Le Conseil de la Magistrature, trop sous tutelle, ne tient plus son rôle et pourrait être remplacé par un Conseil Supérieur de la Justice (avec des magistrats en minorité, plus de personnalités).

Aussi dans le cadre des simplifications, la création d'un bureau de réception des actes servirait les citoyens en leur permettant, sans formalité excessive et rapidement, de faire suivre leurs actes dans les différentes juridictions et d'accélerer les procédures. Le citoyen serait impliqué autour de chartes de qualité établies par juridictions, dans le but de faire progresser la justice et de la maintenir au service des gens.
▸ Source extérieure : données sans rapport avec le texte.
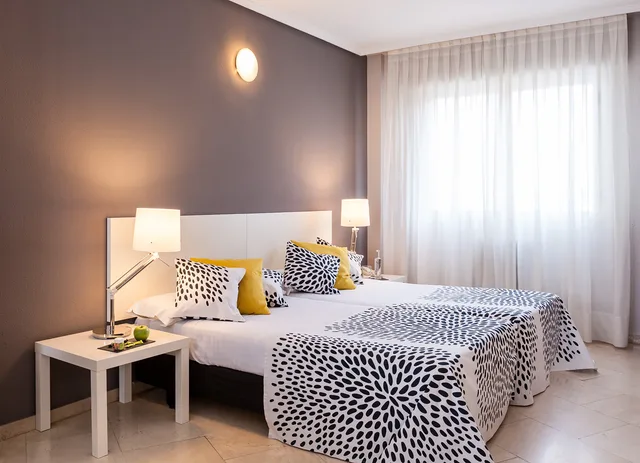 غرفة قياسية بسرير مزدوج، Sercotel Togumar 2/8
Thomas finit sur quelques idées, que malheureusement, l'absence de temps ne permet pas de développer :

- suppression des décorations des magistrats, lutte contre leurs relations avec les politiques

- anonymat des juges d'instructions

- exonération de la TVA pour les juges non professionnels

- enseignement du droit bien plus tôt

- simplification des actes judiciaires (codage informatique clair),

classement et communication sur internet

Débat....

- Intervention de l'Association "Stop à l'Oubli" (Toulouse/Affaire Allegre) sur l'attitude des médias, de la justice..dans une affaire qui passionne, émeut et trouble toujours !

- Quelques doutes sur la capacité de la justice à "se réformer", avec des témoignages sur la grande force de cette institution à "s'auto protéger" par réflexe acquis

- Beaucoup de méfiance des citoyens devant l'appareil judiciaire, sa complexité, sa force

- Rendre la cour des comptes beaucoup plus utile, que les rapports servent enfin au judiciaire

- Interrogations sur l'intérêt de l'inégibilité des hommes politiques, sur la compétence..de ceux ou celles qui les remplaceraient !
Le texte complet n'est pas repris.